By France Griggs Sloat

 

By 10:30 p.m., dinner, homework and baths are finished, and the kids are in bed. Now—finally—Dianne Ceo-DiFrancesco can get back to work. At a time when most people who’ve been up since 6:00 a.m. are turning in, Dianne is grabbing a cup of hot tea and trotting down to her office in a carpeted corner of the basement. She logs on to her e-mail, finds a submission from her partner on a Spanish textbook they’re co-authoring, and begins editing what will be the final chapter.

As she edits, holding the cup of tea on her lap, she begins to relax. Her toes curl into the soft fibers of the carpet, which extends to the linoleum across the room where the kids’ toys lie randomly abandoned. Jerking suddenly to the sensation of warm tea on her legs, Ceo-DiFrancesco realizes she’s nodded off. It’s 12:30 a.m.

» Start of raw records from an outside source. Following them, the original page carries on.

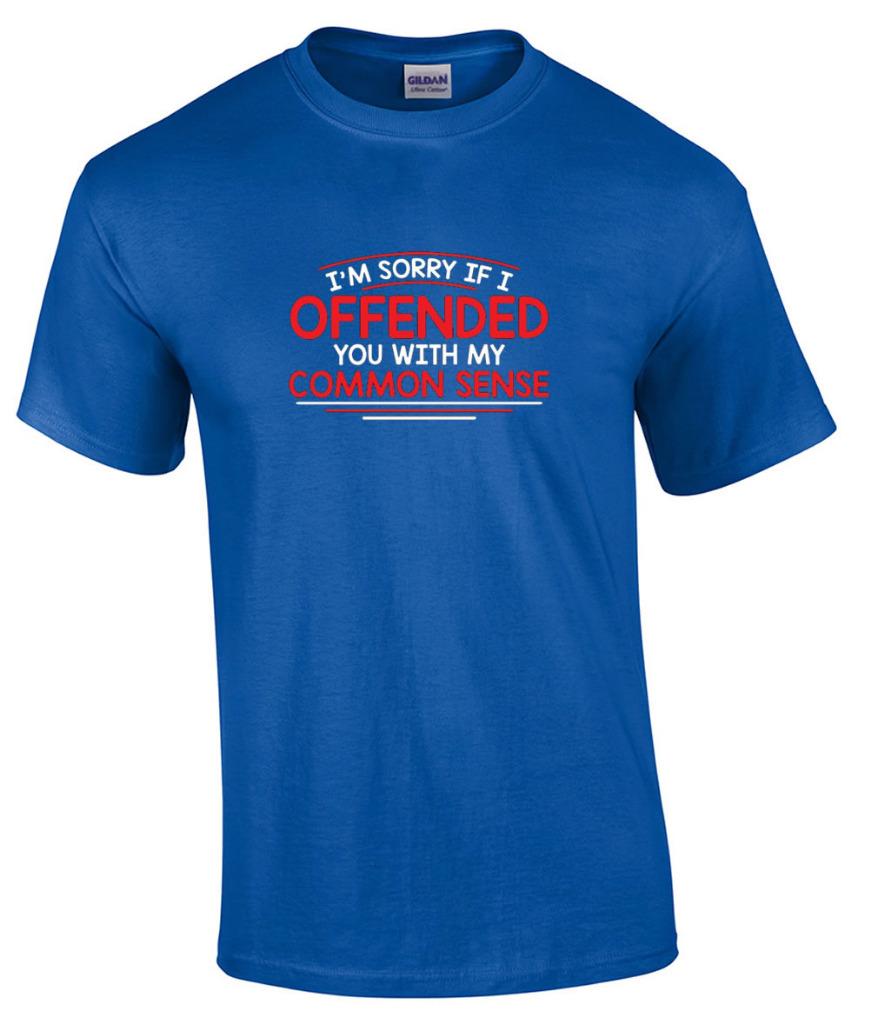 im sorry if i offended you shirt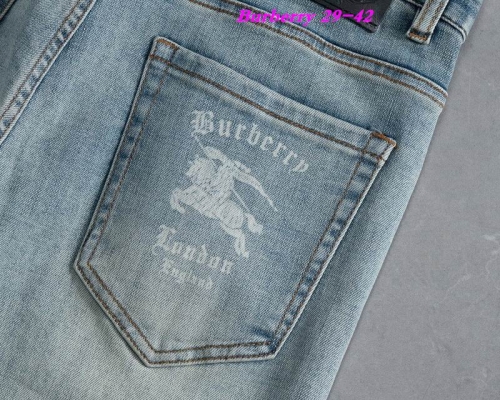 B.u.r.b.e.r.r.y. Long Jeans 1745 Men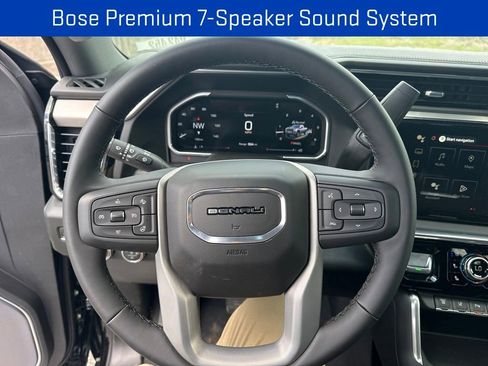 New 2026 GMC Sierra 2500 Denali w/ Denali Reserve Package AWD/4WD image 13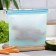 A set of silicone containers “Happiness is”, 1000 ml, 500 ml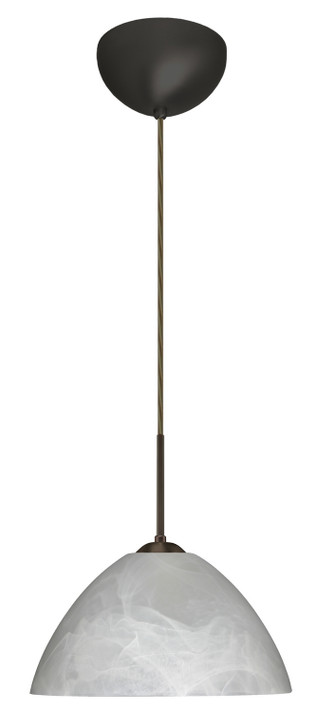 Pendants Glass Down by Besa ( 74 | 1JC-420152-LED-BR Tessa ) 
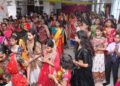 Dandiya festival in Gurukul and Manav Rachna School in Dausa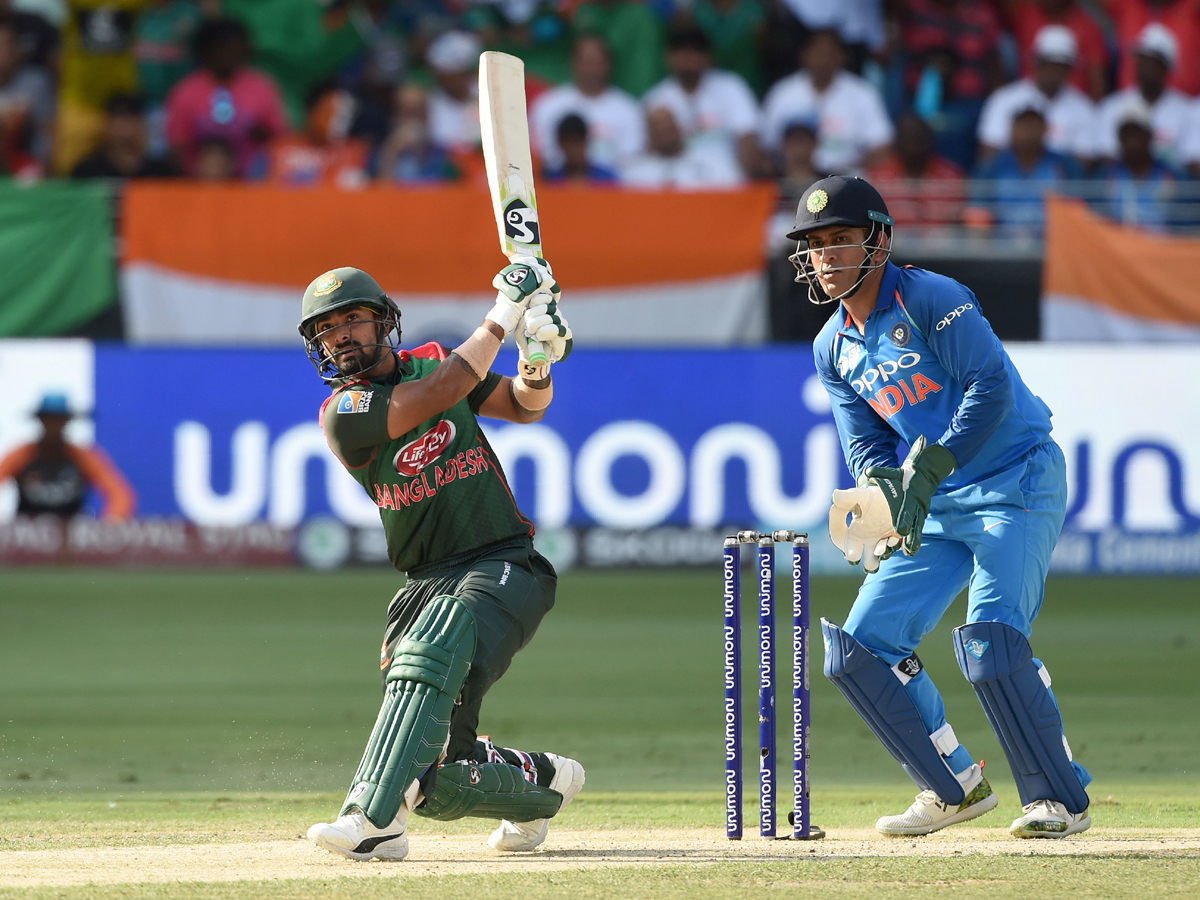 India defeated Bangladesh by three wickets photo Gallery - Sakshi10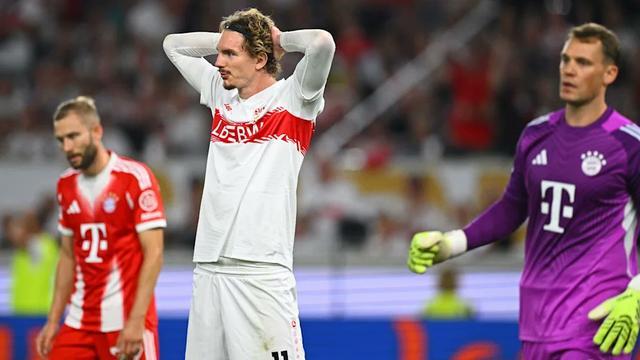 诺伊尔：沃尔特马德很优秀，他被叫‘沃尔特梅西’是有原因的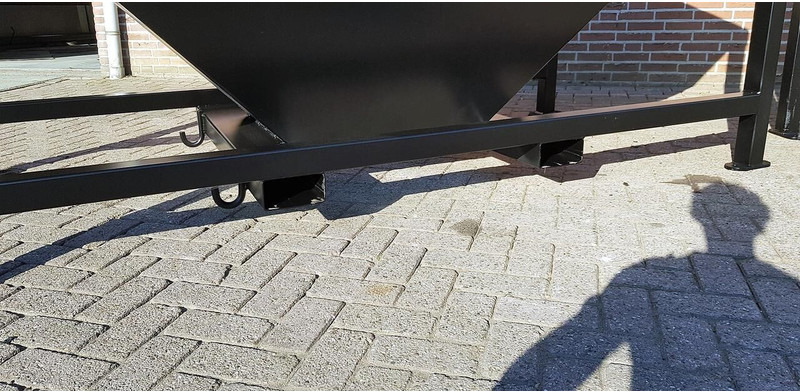 Staande Big-Bag Vultrechter VTS03 - Food processing equipment: picture 5 Staande Big-Bag Vultrechter VTS03 - Food processing equipment: picture 5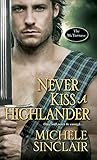 Never Kiss a Highlander (The McTiernays)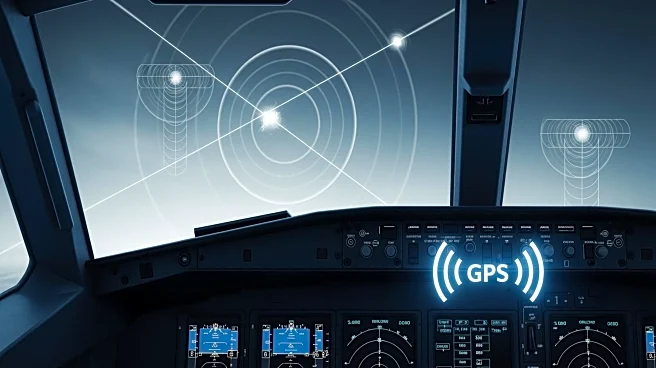 FAA Warns Airlines of GPS Interference Amid Venezuelan Military Activity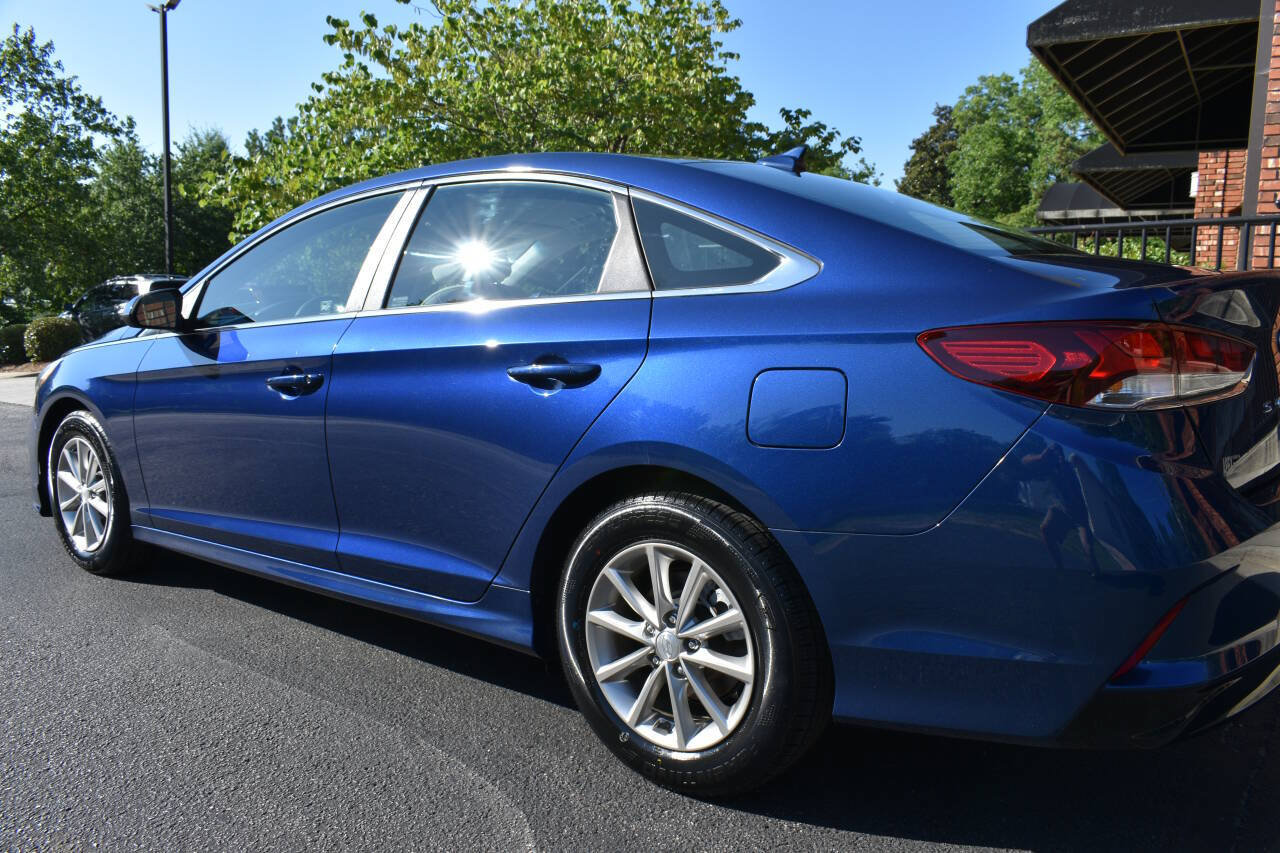 Used 2019 Hyundai Sonata ECO FWD image 29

Usually one to work until 1:00 a.m. or 2:00 a.m., she decides to call it quits. The fifth-year assistant professor of Spanish has been going all day—driving the kids to school, teaching, driving them home and returning to campus for an evening class. She got home at 10:00 p.m. Her husband, Mark, a physicist who also worked all day, handled the dinner and chores. She makes her way upstairs and finds him slumped on the kitchen table, asleep. It’s been an exhausting day.

Most days seem to be much the same—squeezing the responsibilities of parenting into the work day and the demands of work into life at home. For university professors, the unique demands of the academic world pose a particular dilemma: While their work schedules can be more flexible, the expectations that they also publish scholarly work eat up any extra time that flexibility may create.

“The pressure is very heavy in the first five and a half years, which is when most faculty have their first kids,” says William Madges, department of theology chair and a father of two. “Two of my three new hires this year have young children. Most young parents say they can still teach, but when they go home, they’re not getting much scholarship done.”

From the University’s perspective, it’s a challenge as well—how to attract talented young faculty with families without sacrificing the quality of its demanding programs. Either way, both faculty and administrators agree on one thing: Family matters.